Provided material:

────────

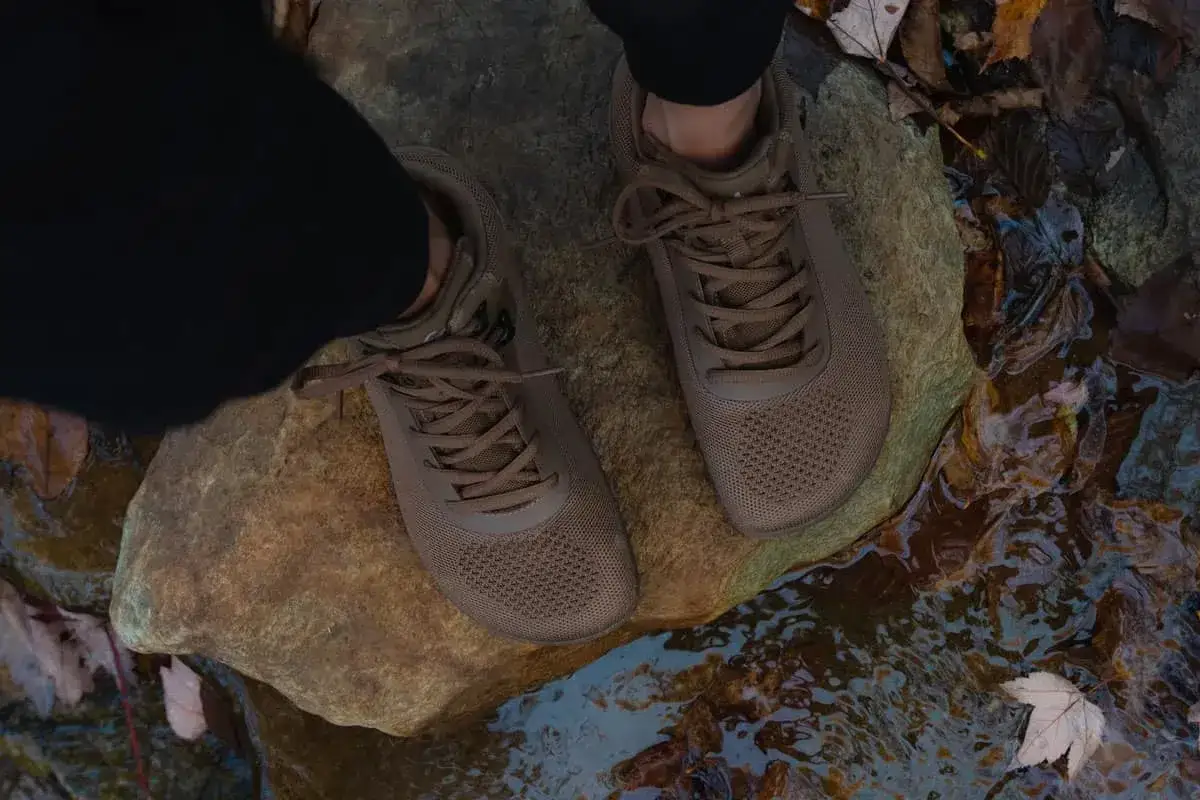 Brown mesh boots on rocks near water. Wondering should you size up in boots? These look true to size for a comfortable hike.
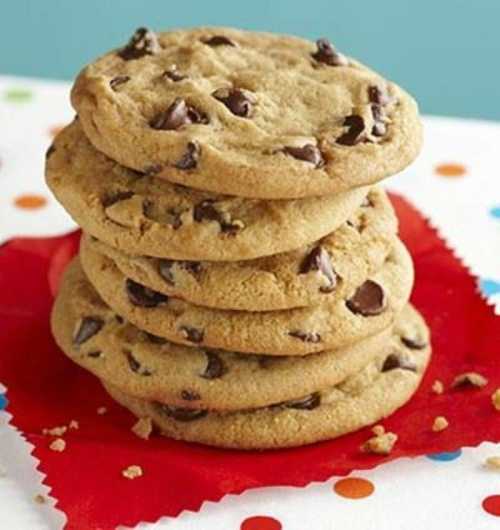 A stack of chocolate chip cookies on a red napkin, surrounded by colorful confetti.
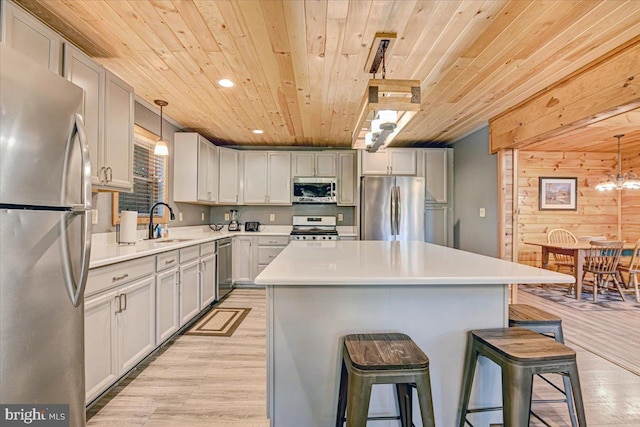 kitchen featuring a kitchen island, a kitchen bar, hanging light fixtures, and appliances with stainless steel finishes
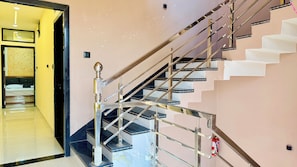 A staircase with a metallic handrail and black steps, leading to a room with a bed and a wall-mounted light fixture. - Hotel Rishant Palace (Khandwa)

────────

What you will do: The reply should repeat the data in full, exactly as given, and contain no pictures.

Response to the exercise:
 Brown mesh boots on rocks near water. Wondering should you size up in boots? These look true to size for a comfortable hike.
 A stack of chocolate chip cookies on a red napkin, surrounded by colorful confetti.
 kitchen featuring a kitchen island, a kitchen bar, hanging light fixtures, and appliances with stainless steel finishes
 A staircase with a metallic handrail and black steps, leading to a room with a bed and a wall-mounted light fixture. - Hotel Rishant Palace (Khandwa)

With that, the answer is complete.